Lilian Thuram

Pour mon voisin Lilian,

Toute vérité n’est pas bonne à dire

Il est aujourd’hui bien difficile d’exprimer un point de vue sans prendre le risque d’être jeté en pâture à l’intelligentsia ; celle qui se veut garante de la référence morale et la gardienne de la pensée bienveillante collective. D’ailleurs il importe peu que le message soit décontextualisé, ce qui est important c’est de réagir, voir, de sur-réagir. On n’analyse plus ce qui a été dit ou écrit, mais ce qui a été interprété et amplifié au travers des réseaux sociaux, qui se veut la vox populi. 

Notre sportif militant Lilian Thuram en a fait les frais à ses dépens. Il fallait rapidement punir l’effronté et le clouer au pilori. Cette chasse « aux marrons » a eu tout de même du bon, Il faut le reconnaître : nous avons tous été émerveillés par autant de consensus de circonstance sur un sujet aussi complexe que le racisme. S’il pouvait en être pareil à chaque agression et insulte raciste, homophobe ou sexiste, notre société s’en porterait bien mieux. 

Voilà notre Guadeloupéen préféré, n’en déplaise à Francky Vincent, pris à son propre piège. Vouloir dénoncer le racisme n’est pas donné à tout le monde. L’origine ethnique de celui qui milite, peut rapidement être un fardeau interprété comme une vengeance personnelle (masquée) des humiliations passées. L’anti-raciste devient vite dans ce cas, ce qu’il dénonçait. Cela permet dans un premier temps, de nourrir l’hypothèse qui cherche à démontrer que l’anti-raciste est un haineux qui se méconnaît. Dans un second temps, cela conforte surtout le discours aujourd’hui toléré des réactionnaires de tous bords. 

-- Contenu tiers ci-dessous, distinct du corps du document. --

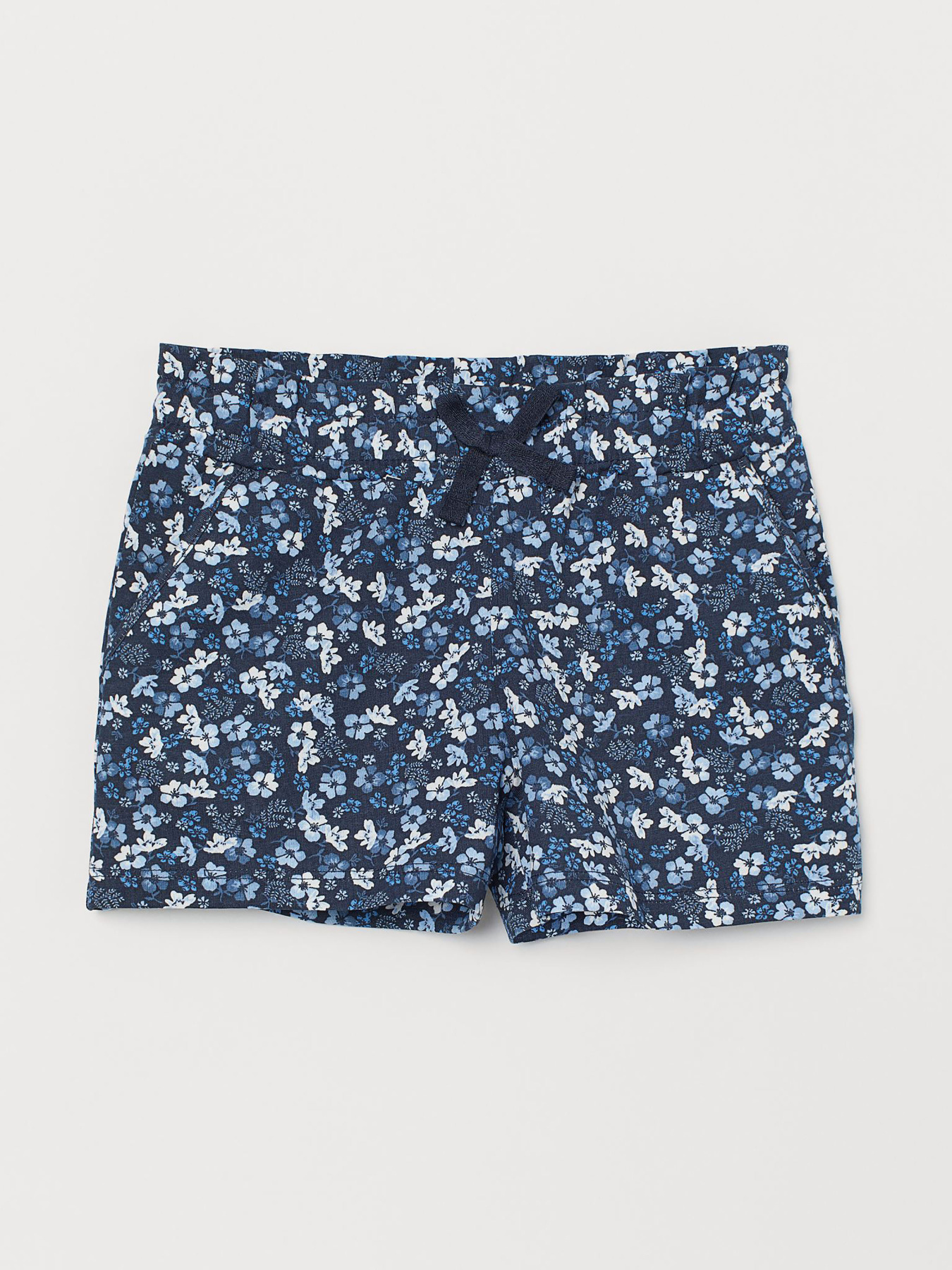 Шорти H&M модель 50840 Фото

En prenant un peu de recul sur l’agitation collective que suscite l’interview italienne de notre ami Lilian, Je m’interroge surtout sur le sens des mots. Plus particulièrement sur le sens partagé des mots. Avons-nous tous la même définition et la même interprétation du nom « racisme » et du nom et adjectif « raciste »? Ce qui est en jeu aujourd’hui n’est-il pas le symptôme d’une incompréhension structurelle sur la définition d’un mot ? Ne somme-nous pas face à un conflit étymologique qui génère une dissonance permanente d’interprétation ? Que peut-on comprendre d’une société qui peine à définir ses maux ? Est-ce le signe d’une névrose sociale historique que l’on peut interpréter comme pathologique ? 

Pour ne pas sombrer dans une hallucination collective qui permet de percevoir des racistes en tous lieux, il me semble plus important de s’interroger sur l’ hypothèse étymologique, plutôt que de rejouer une seconde controverse de Valladolid pour savoir si Lilian est un « bon nègre ». 

Le Larousse.fr, définit le mot « racisme ainsi : Idéologie fondée sur la croyance qu’il existe une hiérarchie entre les groupes humains, les « races ». Comportement inspiré par cette idéologie.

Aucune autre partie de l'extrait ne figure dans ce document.